ARDER DE AMOR PARA DAR VIDA
Interesa constatar la insistencia en la fecundidad de la intimidad con Jesús, recibido en el Sacramento de su Cuerpo y Sangre. Esta fecundidad no puede agotarse en la relación íntima comulgante-Comulgado, como un dorado círculo cerrado. Se trata, por el contrario, de una dinámica, de modo que, cuanto más se intensifica la relación interpersonal, con tanta mayor fuerza lanza a salir de sí para centrarse en el tercero o terceros de nuestras relaciones sociales. De tal manera nos transformamos en Cristo, que su presencia engendra nuevas vidas. Nos cambiamos y transformamos totalmente en Cristo. Bajo los efectos del sacramento, somos nuevas personas, creaturas amasadas en un amor que debe hacerlas ser, en cada instante de sus vidas, pacientes, bondadosas, carentes de envidia, orgullo y jactancia; personas que encuentran su alegría en la verdad, que todo lo disculpan, lo creen, lo esperan y lo aguantan (cf. 1Cor 13,4-8).
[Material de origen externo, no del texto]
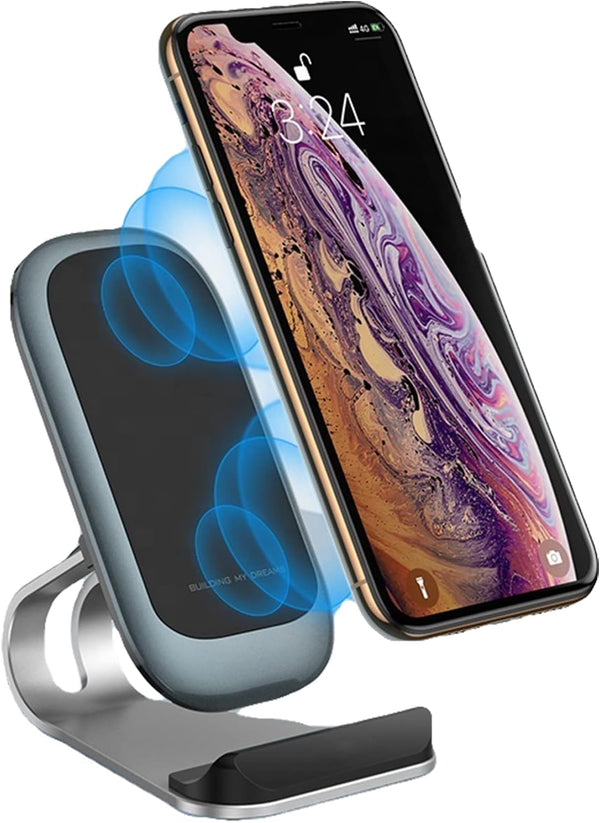 Fast Wireless Charger Stand for iPhone, Samsung, and Qi Androids - Thunderb Store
Esta es la fuerza transformante de la Eucaristía. El alimento del Cuerpo y la Sangre de Cristo actúa de tal forma en nosotros que nos asimila totalmente, aunque no aniquila nuestra libertad personal. Está siempre en nuestras manos abrirnos o cerrarnos al don de la vida de Jesús, don que es fruto también de su libertad para darla y para recuperarla de nuevo (cf. Jn 10,17-18).
En el hogar, en el trabajo, en todas nuestras actividades, se debe transpirar la vida de Cristo. Estamos llamados a difundir su presencia salvadora en el mundo. La Eucaristía debe ser como un río que fecunda nuestra vida, mantiene lozano nuestro amor, abriéndonos siempre a la novedad de vida, a la transformación de nuestro hombre viejo, cargado de imperfecciones, en el hombre nuevo de la vida nueva en Cristo.
¿Qué acciones concretas realizar en mi entorno vital con las que expreso mi amor generoso a los más necesitados?